[Opening SUPPLIED ENTRIES section]
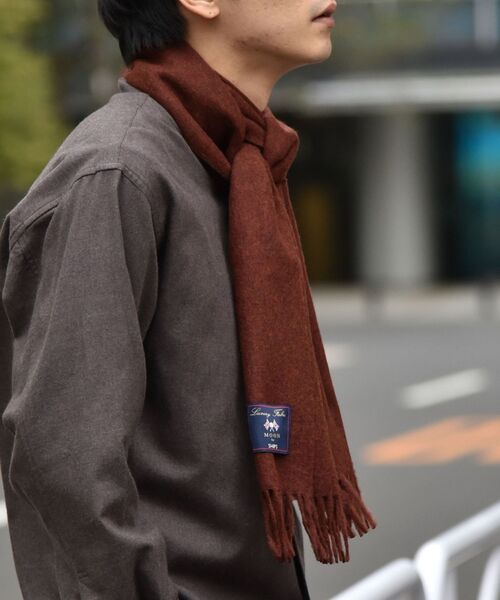 SHIPS（シップス）の「SHIPS: MOON ソリッドマフラー（マフラー・メンズ・ネイビー/グリーン/ダークグレー/キャメル/レンガ・ONE SIZE）」の17枚目の写真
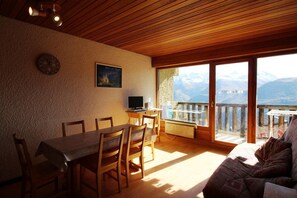 Interior - 10m from ski slopes, 5th floor, view mountain, balcony, ski locker, 32m², Auris en Oisans (Auris)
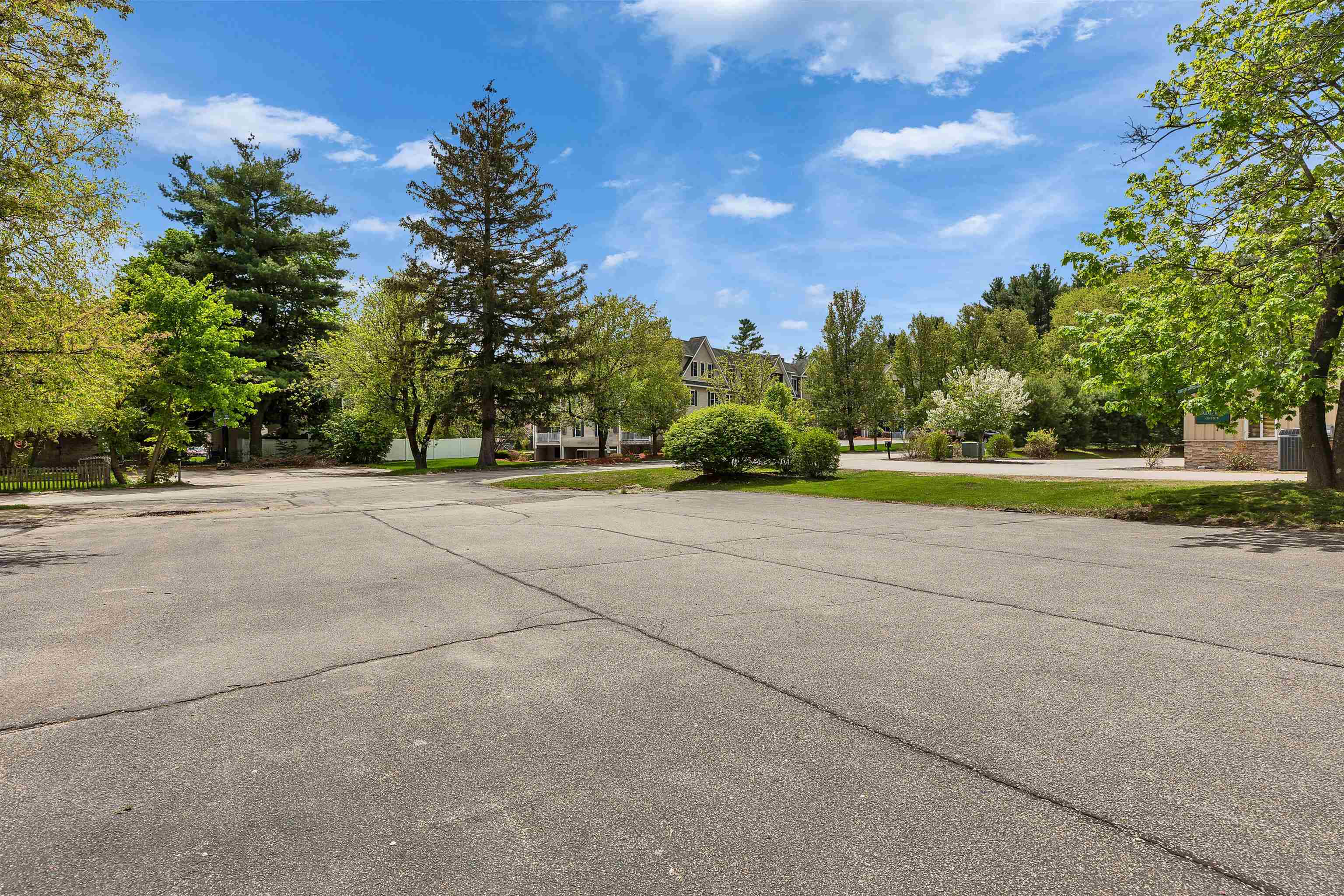 479 Nashua Street Property Photo 10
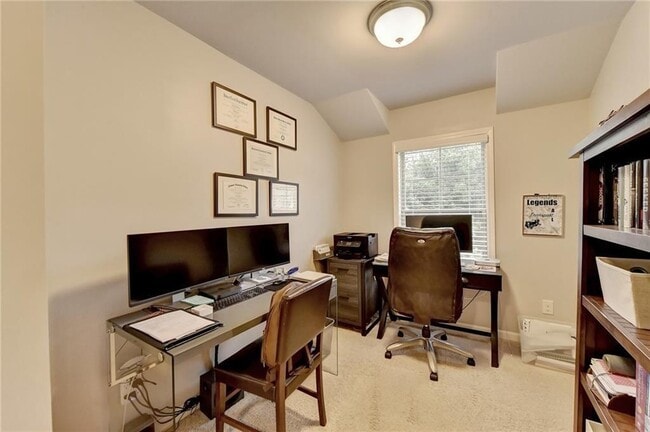 Building Photo - 2185 Mission View Dr NW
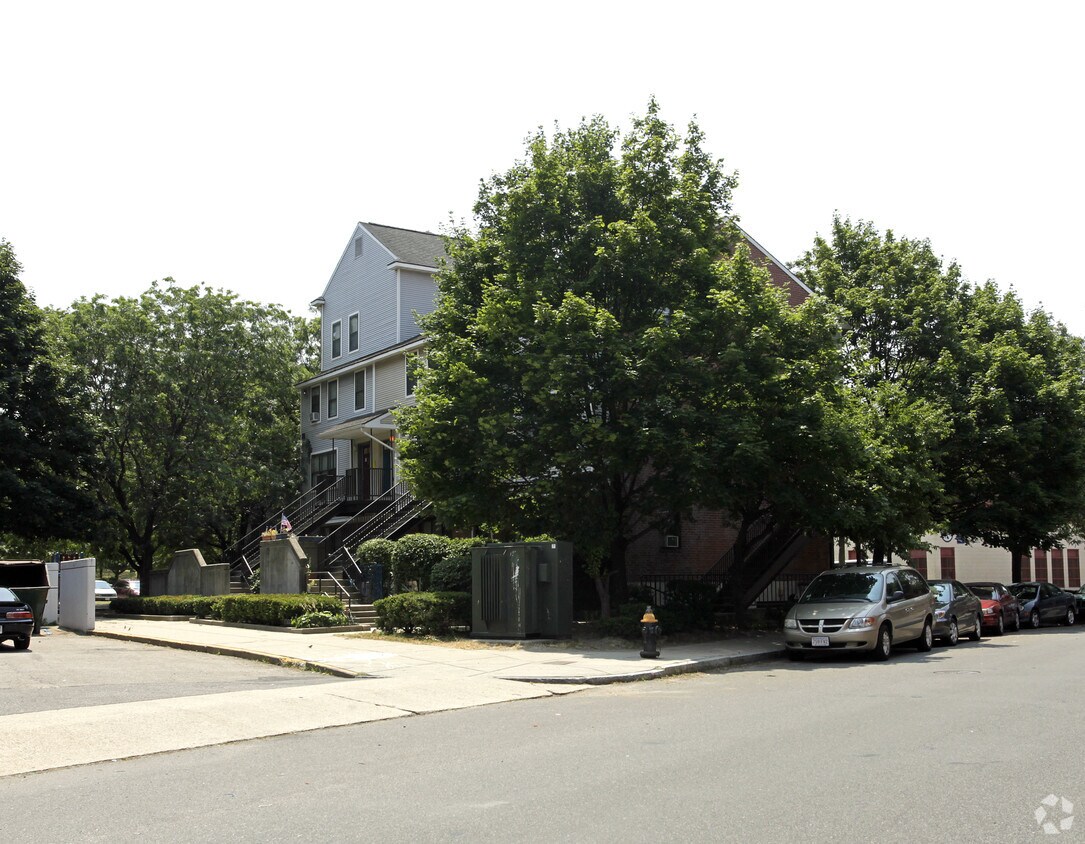 Foto del edificio - 60 Annunciation Rd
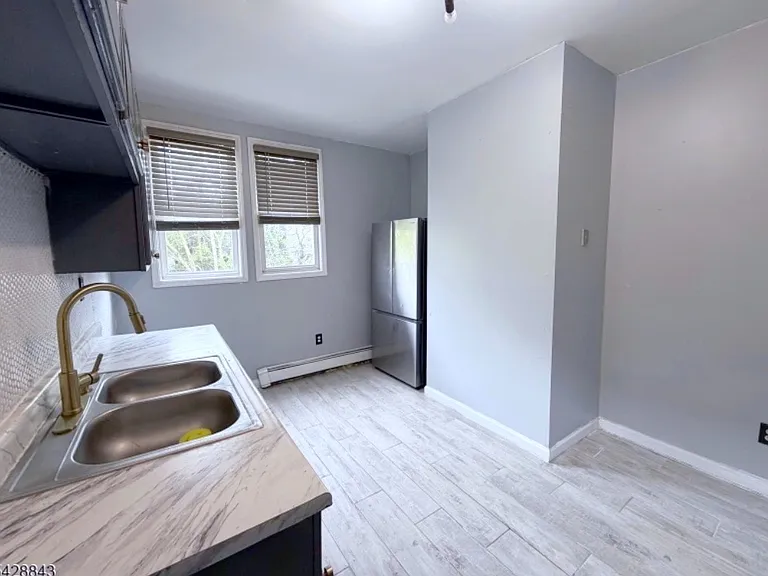 280 S 6th St #2 — Photo 5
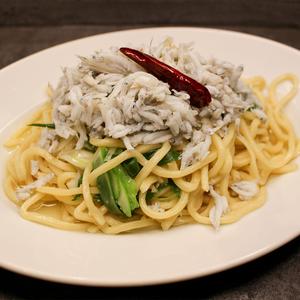 シラスと九条ネギの和出汁薫るペペロンチーノ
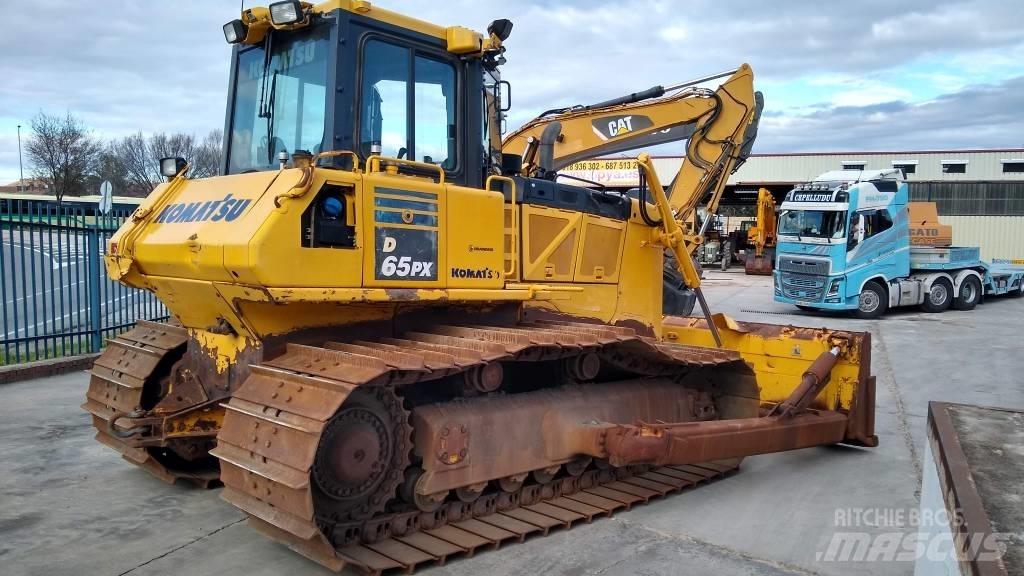 Komatsu D65PX-18 Гусеничные бульдозеры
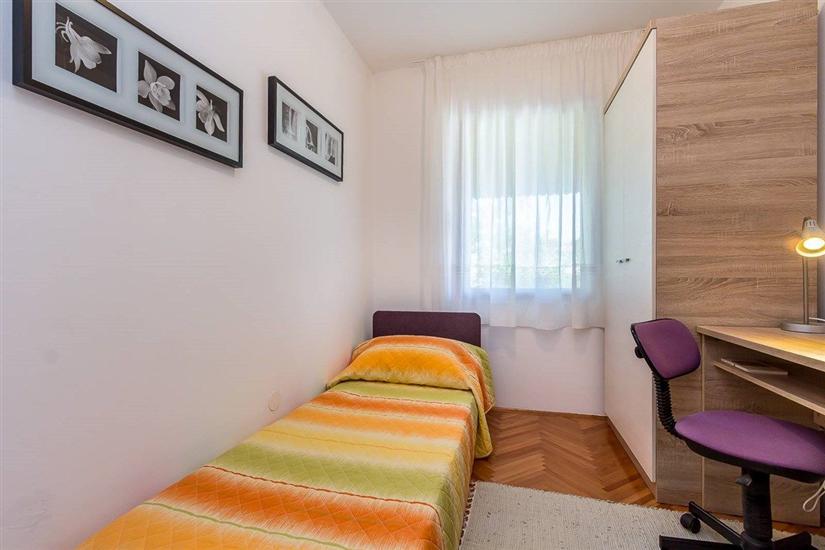 Apartment A1, for 7 persons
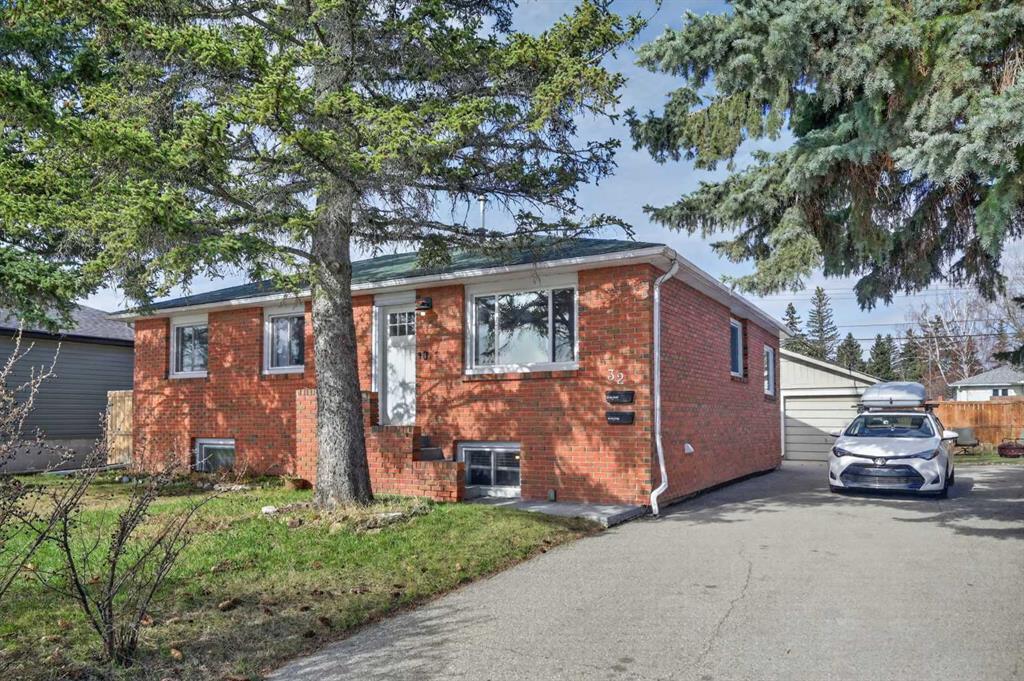 Picture of 32 Beaupre Crescent NW, Calgary Real Estate Listing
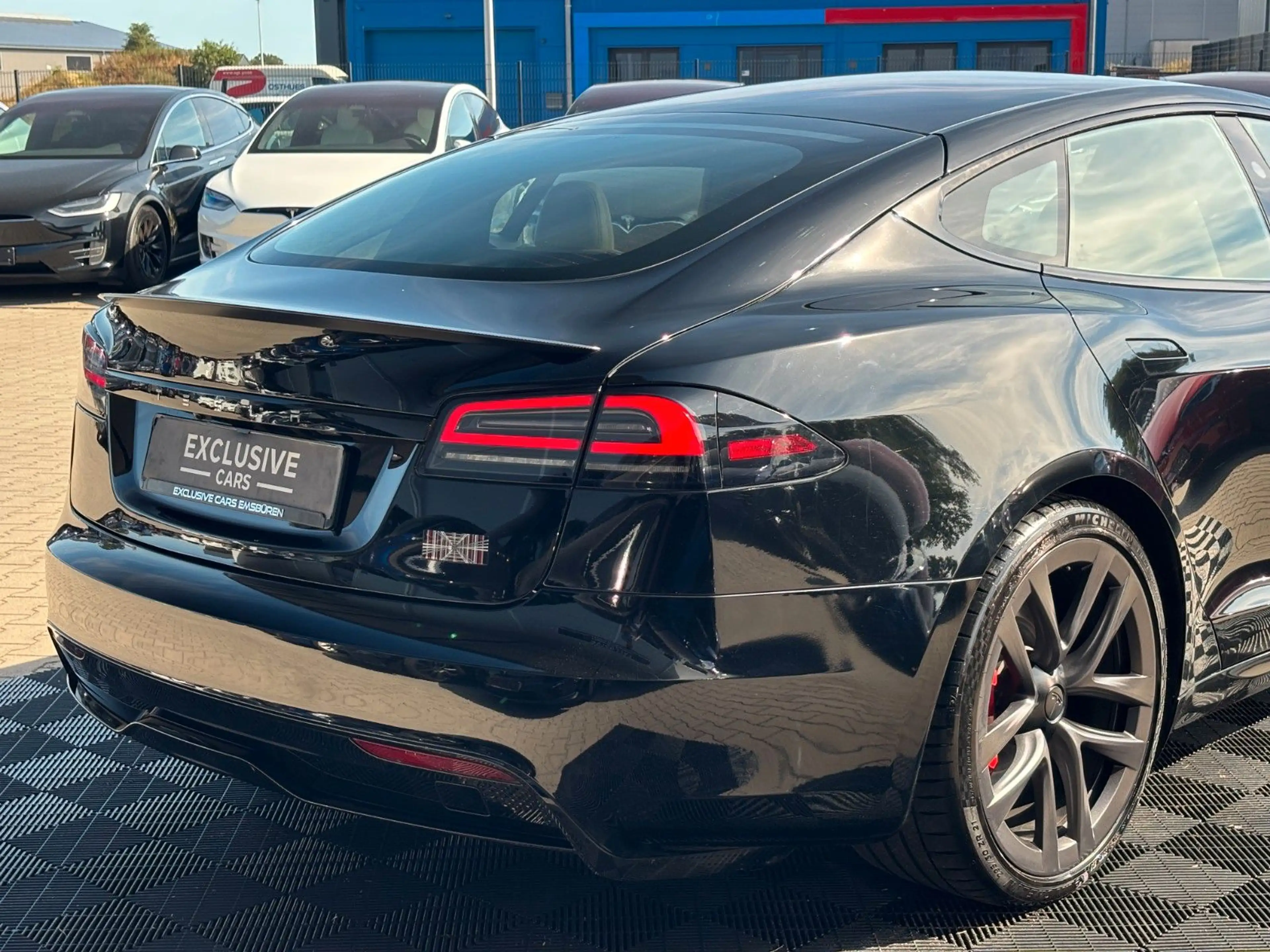 Tesla Model S MODEL S PLAID | MATRIX | CREAM SEAT| ENHANCED AP — photo 7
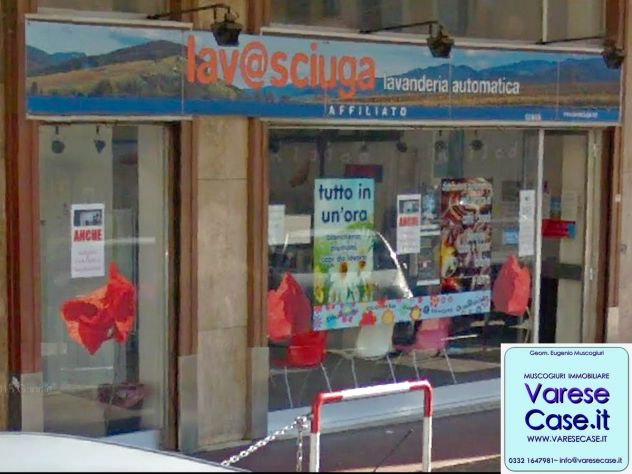 negozio in vendita a Varese in zona Centro Città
[Closing SUPPLIED ENTRIES section]
TASK DIRECTIONS:
Starting at the line that contains "シラスと九条ネギの和出汁薫るペペロンチーノ" and ending at the final line of the data, reproduce each line exactly. Pictures stay out of the copy.

RESULT OF THIS EXERCISE:
 シラスと九条ネギの和出汁薫るペペロンチーノ
 Komatsu D65PX-18 Гусеничные бульдозеры
 Apartment A1, for 7 persons
 Picture of 32 Beaupre Crescent NW, Calgary Real Estate Listing
 Tesla Model S MODEL S PLAID | MATRIX | CREAM SEAT| ENHANCED AP — photo 7
 negozio in vendita a Varese in zona Centro Città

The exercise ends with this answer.